I do not think he lived to see his home again; his disease had been seriously aggravated by his hardships.

For a time it was hoped that the two quarter-boats would presently be heard of, but this hope suffered disappointment. They went down with all on board, no doubt, not even sparing that knightly chief mate.

The authors of the diaries allowed me to copy them exactly as they were written, and the extracts that I have given are without any smoothing over or revision. These diaries are finely modest and unaffected, and with unconscious and unintentional art they rise toward the climax with graduated and gathering force and swing and dramatic intensity; they sweep you along with a cumulative rush, and when the cry rings out at last, 'Land in sight!' your heart is in your mouth, and for a moment you think it is you that have been saved. The last two paragraphs are not improvable by anybody's art; they are literary gold; and their very pauses and uncompleted sentences have in them an eloquence not reachable by any words.

The interest of this story is unquenchable; it is of the sort that time cannot decay.

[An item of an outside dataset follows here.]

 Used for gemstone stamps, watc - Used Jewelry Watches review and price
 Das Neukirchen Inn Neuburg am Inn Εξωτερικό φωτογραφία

I have not looked at the diaries for thirty-two years, but I find that they have lost nothing in that time. Lost? They have gained; for by some subtle law all tragic human experiences gain in pathos by the perspective of time. We realize this when in Naples we stand musing over the poor Pompeian mother, lost in the historic storm of volcanic ashes eighteen centuries ago, who lies with her child gripped close to her breast, trying to save it, and whose despair and grief have been preserved for us by the fiery envelope which took her life but eternalized her form and features. She moves us, she haunts us, she stays in our thoughts for many days, we do not know why, for she is nothing to us, she has been nothing to anyone for eighteen centuries; whereas of the like case to-day we should say, 'Poor thing! it is pitiful,' and forget it in an hour.

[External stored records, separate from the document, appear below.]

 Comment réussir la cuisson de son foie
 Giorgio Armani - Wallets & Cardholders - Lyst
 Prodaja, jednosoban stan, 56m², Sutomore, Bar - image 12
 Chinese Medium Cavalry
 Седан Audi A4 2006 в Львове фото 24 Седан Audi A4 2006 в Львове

[1] There are nineteen days of voyaging ahead yet.--M.T.

[2] Six days to sail yet, nevertheless.--M.T.

[3] It was at this time discovered that the crazed sailors had gotten the delusion that the captain had a million dollars in gold concealed aft, and they were conspiring to kill him and the two passengers and seize it. --M.T.

AT THE APPETITE-CURE

This establishment's name is Hochberghaus. It is in Bohemia, a short day's journey from Vienna, and being in the Austrian Empire is of course a health resort. The empire is made up of health resorts; it distributes health to the whole world. Its waters are all medicinal. They are bottled and sent throughout the earth; the natives themselves drink beer. This is self-sacrifice apparently--but outlanders who have drunk Vienna beer have another idea about it. Particularly the Pilsner which one gets in a small cellar up an obscure back lane in the First Bezirk--the name has escaped me, but the place is easily found: You inquire for the Greek church; and when you get to it, go right along by--the next house is that little beer-mill. It is remote from all traffic and all noise; it is always Sunday there. There are two small rooms, with low ceilings supported by massive arches; the arches and ceilings are whitewashed, otherwise the rooms would pass for cells in the dungeons of a bastile. The furniture is plain and cheap, there is no ornamentation anywhere; yet it is a heaven for the self-sacrificers, for the beer there is incomparable; there is nothing like it elsewhere in the world. In the first room you will find twelve or fifteen ladies and gentlemen of civilian quality; in the other one a dozen generals and ambassadors. One may live in Vienna many months and not hear of this place; but having once heard of it and sampled it, the sampler will afterward infest it.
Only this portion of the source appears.